- Task item
Your response should consist of the full data, set down exactly.
*** Raw data Section Begins ***
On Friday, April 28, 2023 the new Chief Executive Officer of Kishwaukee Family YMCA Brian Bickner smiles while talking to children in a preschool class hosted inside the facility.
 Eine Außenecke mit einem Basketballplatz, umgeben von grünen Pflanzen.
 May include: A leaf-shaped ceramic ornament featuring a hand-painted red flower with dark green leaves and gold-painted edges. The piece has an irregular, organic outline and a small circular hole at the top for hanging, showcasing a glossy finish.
*** Raw data Section Ends ***
- Solved problem
On Friday, April 28, 2023 the new Chief Executive Officer of Kishwaukee Family YMCA Brian Bickner smiles while talking to children in a preschool class hosted inside the facility.
 Eine Außenecke mit einem Basketballplatz, umgeben von grünen Pflanzen.
 May include: A leaf-shaped ceramic ornament featuring a hand-painted red flower with dark green leaves and gold-painted edges. The piece has an irregular, organic outline and a small circular hole at the top for hanging, showcasing a glossy finish.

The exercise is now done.